Por que apenas a busca vetorial não é suficiente
Os bancos de dados vetoriais são bons em encontrar correspondências semânticas, mas a documentação corporativa segue suas próprias regras: hierarquia estrita de diretórios, múltiplos domínios temáticos e referências cruzadas entre seções. A consulta "como reduzir o consumo de energia de uma estação base" exige não apenas parágrafos semelhantes, mas um acerto preciso na subseção correta, considerando instruções relacionadas. Os esquemas RAG clássicos começam a errar nesse ponto: a consulta vai para o domínio errado, a estrutura dos documentos é efetivamente ignorada e a busca não é respaldada por um raciocínio sobre onde exatamente se deve procurar.
Os autores de um preprint recente no arXiv propuseram o framework VDGR-RAG, que combina quatro abordagens: vetores, diretórios, grafos e reflexão. O sistema funciona como um agente: ele não apenas extrai fragmentos, mas se move deliberadamente pela base de conhecimento, avalia resultados intermediários e, se necessário, muda de curso.
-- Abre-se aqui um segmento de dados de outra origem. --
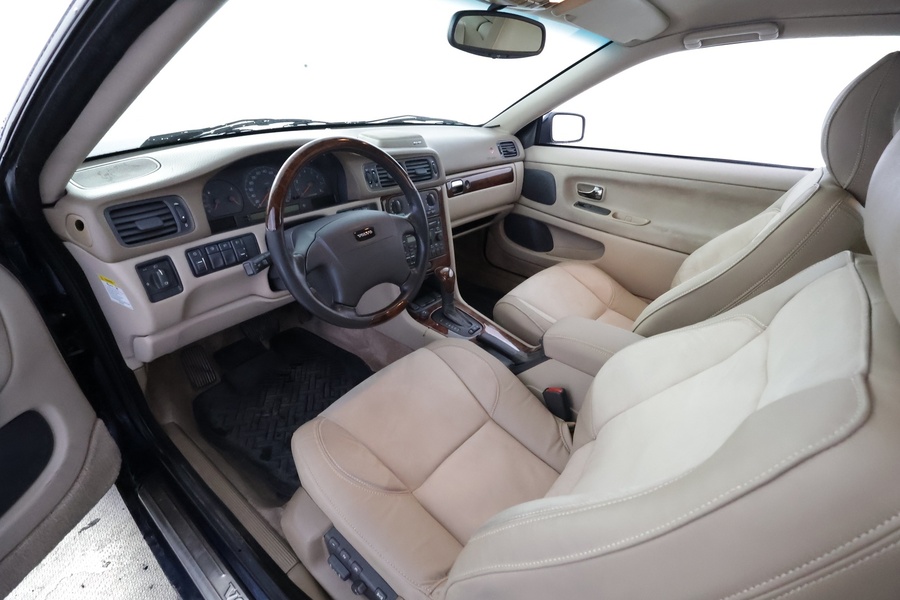 Volvo C70 vaihtoauto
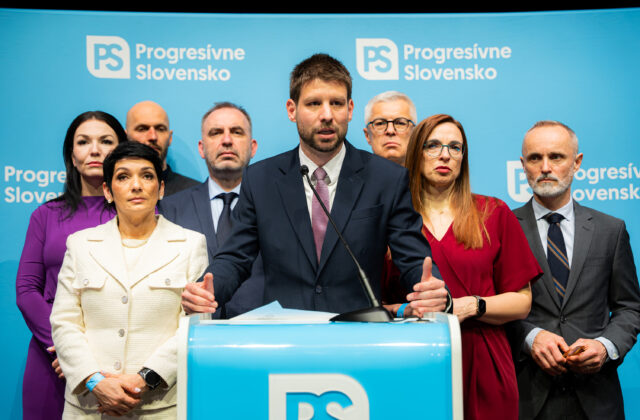 Progresívne Slovensko pozýva opozičné strany na spoločné zhromaždenie 17. novembra na Námestí SNP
Ideia-chave: do diretório ao grafo de conhecimento
Na base do VDGR-RAG está a construção de um grafo de conhecimento heterogêneo (H²KG) a partir dos documentos. Nele, preserva-se a hierarquia de diretórios — relações "pai-filho" entre seções e subseções — bem como relações semânticas entre blocos de significado. Graças a isso, o sistema pode responder a qualquer momento a perguntas como: "em qual seção este fragmento está localizado?", "o que mais está relacionado a este tópico?", "até onde preciso subir para obter o contexto geral?".
Ferramentas atômicas de busca
A lógica de agente é implementada por meio de quatro módulos interativos.
- Directory-enhanced routing — navegação pelo sumário. O módulo primeiro decide a qual domínio ou grafo de conhecimento a consulta pertence e só então inicia a busca profunda.
- Multi-route retrieval — extração paralela de informações de três maneiras: vetorial, estrutural (pelas seções do sumário) e por grafo. Isso reduz o risco de perder um documento importante.
- Directory backtracking — se o roteamento inicial se mostrar incorreto, o agente retorna ao diretório e muda a trajetória da busca.
- Dynamic reflection — após cada etapa, o sistema avalia se fatos suficientes foram acumulados e planeja a próxima consulta. Em essência, é uma autorreflexão iterativa que impede "enterrar-se" em fragmentos irrelevantes.
Os módulos não operam em sequência, mas como um circuito unificado: a reflexão pode acionar um novo roteamento, e a multibusca pode retornar candidatos que precisam ser verificados por meio do grafo. A busca se transforma em um processo iterativo flexível, e não em uma consulta única ao índice.
O que os testes mostraram
Os autores validaram o valor prático em documentos corporativos relacionados a quatro domínios sem fio — incluindo economia de energia e gerenciamento de falhas. Os resultados foram visivelmente melhores do que os de sistemas RAG padrão, tanto em abrangência do conhecimento encontrado quanto em precisão das respostas às perguntas.

A capacidade de retornar ao diretório foi especialmente útil: foi ela que corrigiu situações em que a busca vetorial comum apresentava com confiança o resultado errado. Para documentação hierárquica, essa "verificação com o sumário" costuma ser mais importante do que um índice adicional.
Conclusões
O VDGR-RAG não é apenas mais um recuperador híbrido, mas um exemplo de como princípios de agente e representações em grafo resolvem problemas de empresas reais. Quando a hierarquia é importante na base de conhecimento e um erro na escolha da seção pode comprometer toda a resposta, apenas a busca vetorial realmente não é suficiente.